The library is delightful. Its geometry oscillates across the site, hinging to align with laneways, twisting to reduce overshadowing and seesawing up and down to mark the points of entry. The majority of the library is located underground in long, slightly cranked, and largely open spaces. A sunken circular courtyard and a generous smattering of circular skylights provide soft and indirect light to the interiors. Fixed joinery is pushed to edges, lining the rooms, while people and program are pushed to the center, filling the spaces. The plan is inherently flexible – doors can be flung open, tables moved and curtains can be drawn but the architecture, the civic gesture, stands strong, robust and unfussy. 

After spending time at Green Square Library and Plaza we commenced a walking tour of sorts, lead in part by Simon Rochowski (a fellow Dulux Study Tour participant) who directs an architecture practice based in Sydney. The tour began at the Peter Stutchbury Architecture designed Joynton Avenue Creative Centre and Banga Community Shed where the architecture’s rich colour, rural material palette and playful geometry of veranda spaces respond to the unique character of the existing heritage buildings while providing shelter to the public space between.

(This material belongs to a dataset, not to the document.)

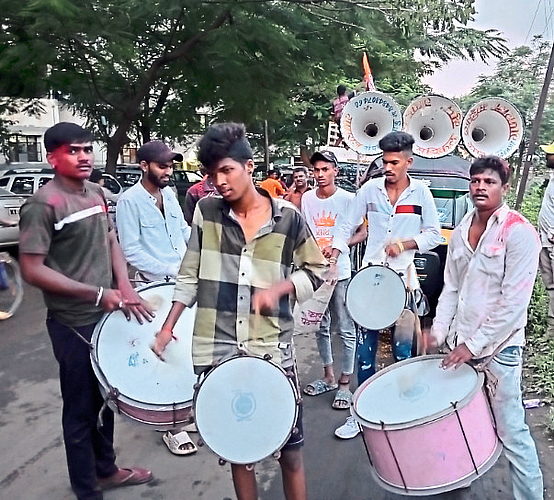 On occasion of Ganeshotsav Bappa's arrival procession, musicians playing drums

We then meandered past Dangrove, a state-of-the-art storage facility by Tzannes and the Rail Operations Centre by Smart Design Studio. After a short uber ride, the tour ended with a flourish at Indigo Slam, another Sydney icon by Smart Design Studio, and the Phoenix Central Park – a gallery and performance space designed as a collaboration between Durbach Block Jaggers and John Wardle Architects.

Having seen the outside of so many wonderful art facilities we were well prepared to visit the The Nicholson Galleries, Chau Chak Wing Museum at The University of Sydney by Simon Rochowski’s practice Studio Plus Three. The axial spatial planning, rigorous material exploration and overall execution were wonderful to experience – this visit affirming a unique and very moving aspect of the Australian Dulux Study Tour that is the opportunity to see and experience the work of fellow recipients. Such a delight!

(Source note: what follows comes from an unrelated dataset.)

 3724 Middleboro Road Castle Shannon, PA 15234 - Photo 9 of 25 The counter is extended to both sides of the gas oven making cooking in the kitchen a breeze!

From the gallery we made our way to Stoke Street – a warehouse redevelopment that is home to both Smart Design Studio and studio Director, William Smart. The office spaces are located within the original warehouse footprint, with the largely altered existing facade demolished and replaced by a fantastically precise brick veil that William described as, “unraveling to the street, marking the entry foyer and providing privacy to the mezzanine offices while peeling away to frame indirect views of the sky and the trees.” Internally the layout is characterised by a lofty open plan studio space flanked by project pin-up boards – strategically located to conceal back of house functions. Like many of the projects we visited today the building’s material palette is intentionally industrial and spartan. Beyond the studio, up a perfectly executed spiral staircase, we crossed the threshold into William’s home – a space more akin to a chapel than an apartment. The two-bedroom home occupies the narrow roof top of the reconstructed foyer space below. The plan is divided into four spaces, each articulated by a catenary arch. The arched volumes are pushed and pulled to throw light across the curved ceilings and allow space for an outdoor roof terrace. Again, the palette is distilled to only three or four key materials. There is an elemental clarity to William’s space whereby each part works in unison to express the ingenuity of the structural system – the result is a kind of architectural perfection.

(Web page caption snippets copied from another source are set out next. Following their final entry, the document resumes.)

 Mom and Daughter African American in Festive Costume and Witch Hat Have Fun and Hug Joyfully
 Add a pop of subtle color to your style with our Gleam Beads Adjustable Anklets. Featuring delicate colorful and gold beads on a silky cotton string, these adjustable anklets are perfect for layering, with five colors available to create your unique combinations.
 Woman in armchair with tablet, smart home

Our last stop on a day of detailed and deliberate Sydney architecture is a visit to Adam Haddow’s Cleveland Roof Top apartment, located on the top floor of a converted 1830’s machinery and tractor workshop. Home to Adam, the Director of SJB, the luscious apartment and surrounding native garden cemented a common theme of the day – that the most innovative architecture often results out of architects making work that inspires us, work that we love, rather than that which is conservative and driven by resale.